Tuesday, March 04, 2008

Being a gay Iranian

Mehdi Kazemi, a 19 year old boy from Iran was granted a visa to pursue his studies in the UK in 2004. Some time later he received news that the Iranian authorities had arrested a male friend of his who had claimed to be in a relationship with Mehdi. Mehdi, afraid to return to Iran, filed for asylum in the UK. When his claim was refused by the home office, Mehdi fled to the Netherlands afraid of the consequences he would face in Iran for the 'crime' of being gay. He is presently held by the police in Rotterdam and is under suicide watch. Recently when the Iranian President was in the US, he claimed that there were no gays in Iran. In a country where being gay is so openly condemned, Mehdi most likely faces the fear of persecution. He is scheduled to be returned to the UK and could face deportation. Should not a 19 year old boy be granted asylum when his life is so obviously in danger on return to his country? And on a larger scale should not something be done about the Iranian government that persecutes the homosexual community in Iran due to their sexual orientation?


Anonymous said...

While I think it is terrible that authorities in Iran have made homosexuality illegal, I don't know that any other country should have the authority to change this practice. In addition to the problem of national sovereignty, many other countries, including the US, are not much better with their treatment of homosexuality. The US doesn't make homosexuality officially illegal, but there are certainly enough disadvantages and hostilities against this group of people that would make anyone hesistant to be openly gay. I suppose one of the main points to take away from a situation such as this one is the fact that laws can be controlled but cultures cannot. Even if Iran were somehow forced or persuaded to change its laws regarding homosexuality, societal attitudes and stereotypes probably will not change any time soon.

MadMax said...

In some Muslim countries being a Christian carries a death penalty. Or in many areas being of a certain ethnic minority carries at least an implicit threat to life. How many adulterous or sinful women have been executed?

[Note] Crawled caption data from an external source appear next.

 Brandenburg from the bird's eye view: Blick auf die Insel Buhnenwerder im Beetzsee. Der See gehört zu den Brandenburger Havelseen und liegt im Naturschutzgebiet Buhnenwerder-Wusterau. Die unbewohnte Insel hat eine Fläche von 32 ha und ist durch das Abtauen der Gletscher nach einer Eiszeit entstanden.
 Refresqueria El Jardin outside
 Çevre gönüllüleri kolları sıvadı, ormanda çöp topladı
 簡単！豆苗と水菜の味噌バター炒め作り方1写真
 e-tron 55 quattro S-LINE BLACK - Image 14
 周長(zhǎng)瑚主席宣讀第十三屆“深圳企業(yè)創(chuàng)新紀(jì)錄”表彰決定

How many non-believers? Or how many who just refused to be exploited?

My point is that protection from state power in every instance cannot mean removal from the state. If so - tell me - why are we limiting this call for asylum to one persecuted minority - why not all. Also, people can hide their sexual orientation and live out their lives as normal productive citizens. It is not necessary for them to be outwardly gay and consequently there would be no need for asylum. If this reasoning is good enough to be used by our military it’s good enough for Mehdi.

Nikki M said...

I am inclined to disagree that homosexuality can be "hidden" and that its unnecessary for someone to be outwardly gay therefore there isn't a legitimate claim for asylum. One of the five unnumerated grounds for asylum is membership in a social group and the courts have recognized homosexuals as a particular social group (see Matter of Toboso-Alfonso)since 1994. For some individuals, their sexual orientation is an immutable characteristic and inherent to their identity, therefore making them completely deserving of asylum if this puts them at risk of persecution.

MadMax said...

Yeah, whatever Nikki M.

Granting asylum based on being a homosexual is a mistake that the courts have made. A particular social group would include people who have common characteristics. What commonality do homosexuals and lesbians have? The only one that comes to my mind is that they choose to live outside of the norms of nature.

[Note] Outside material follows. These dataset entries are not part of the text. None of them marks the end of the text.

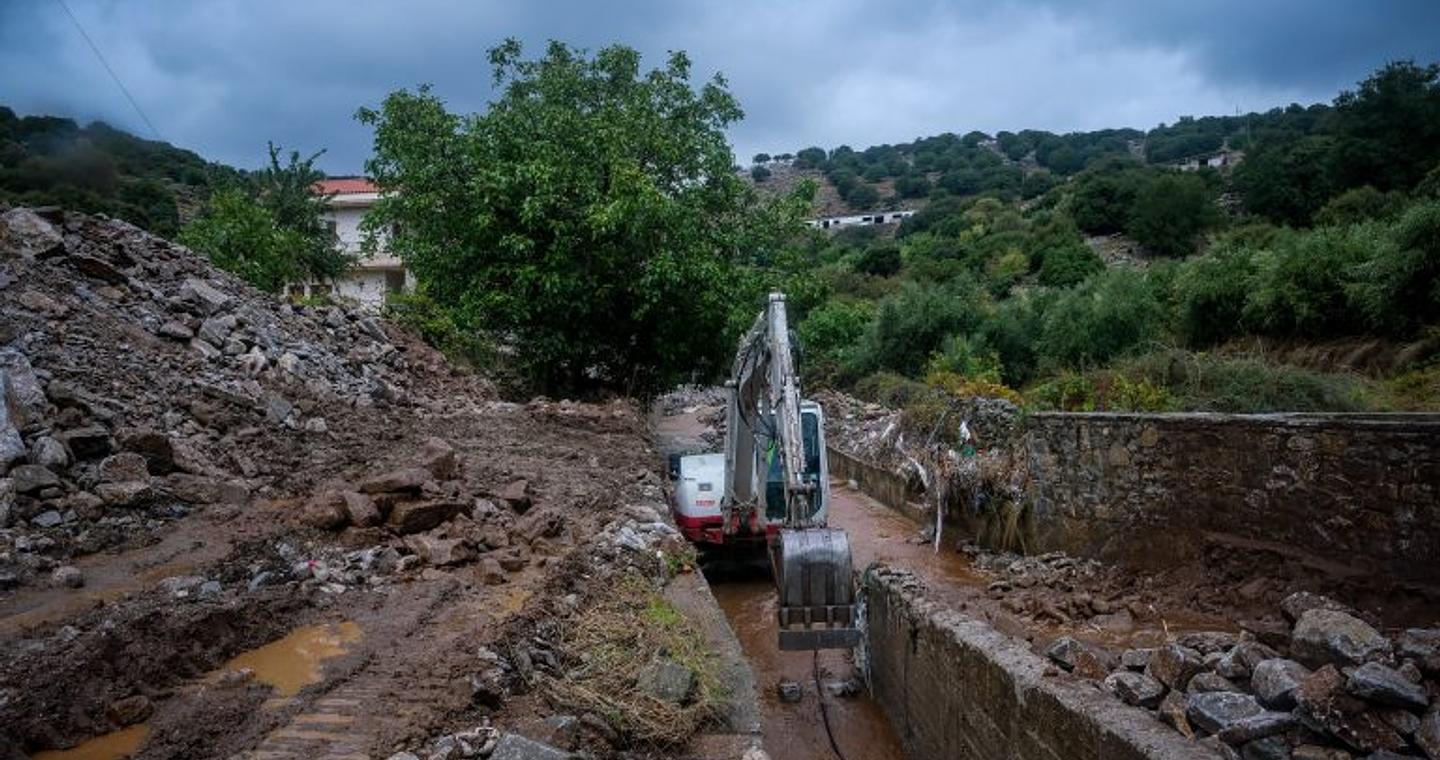 Κακοκαιρία στην Κρήτη: Ήχησε 112 σε όλο το νησί – Κλειστοί δρόμοι και σχολεία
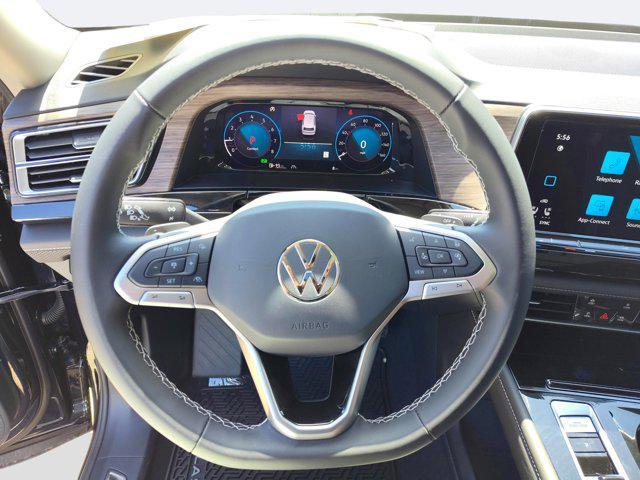 new 2025 Volkswagen Atlas car, priced at $49,672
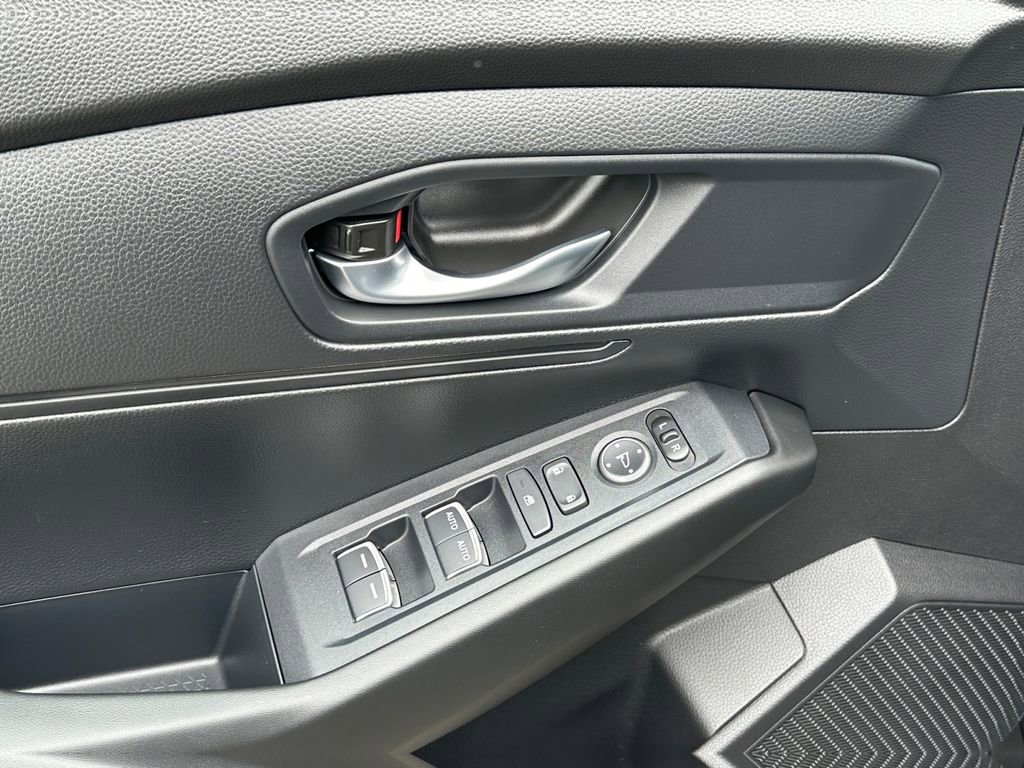 Used 2025 Honda Accord LX image 19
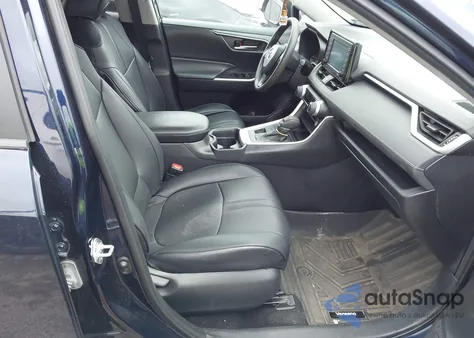 2021 Toyota Rav4 Xle z USA, uszkodzony, nr VIN 2T3P1RFV7MW154418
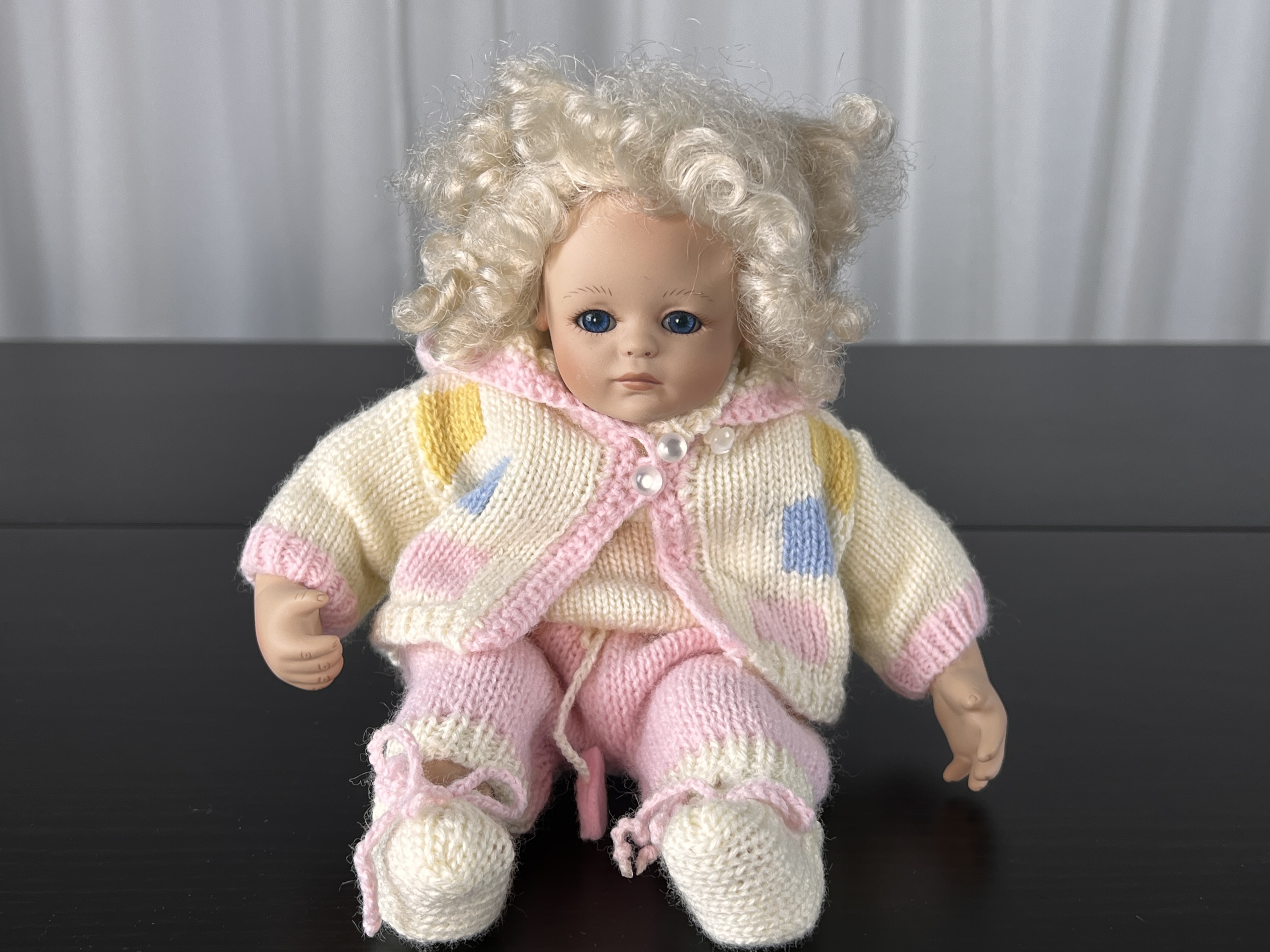 Gabriele Müller Porzellan Puppe 21 cm. Top Zustand.    Gabriele Müller Porzellan Puppe 21 cm. Top Zustand.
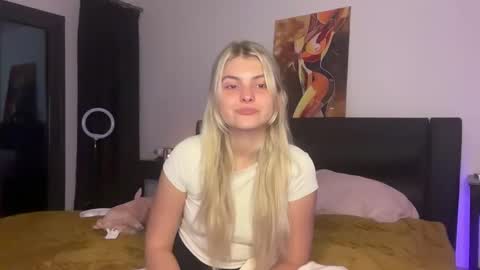 Snapshot of anasova chatting on 6, 11, 2025 Ana online show from 6, 11, 2025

If they want to be treated as normal, they should act normal in society, and not make themselves a "target" for those who also know that homosexuality is wrong, abhorrent, and a sin they do not want in their community.

I know there are lots of gays living with their choice to sin, and people never presume they are gay. That's the way it should be. People shouldn't know. Ten percent of the population in this great country chooses to be gay. That means one out of every ten people you know are deviant. Look around you. Do you personally know that many gays? I think not. That’s because the ones who are not openly gay know they are abnormal and have made a conscious effort to hide it.

Dr. D said...

I find myself needing to respond to your comments. True, there are many different ways that people are persecuted by their country -- and that is why the Refugee convention was established. If choice or "hiding" your identity -- homosexual in this particular case is the basis for your argument -- then I guess we shouldn't provide protection from persecution based on people's religions or political opinion either? They can hide it or chose to be another religion, can't they?
While we're at it, do you really think that U.S military's policy on gays in the military is appropriate? It's okay for gays serving in the military to die for our country -- but God forbid if they reveal their sexual orientation!

MadMax said...

Nice try Dr. D. but a person’s religious choice or his/her political opinion are not typically subjects of morality.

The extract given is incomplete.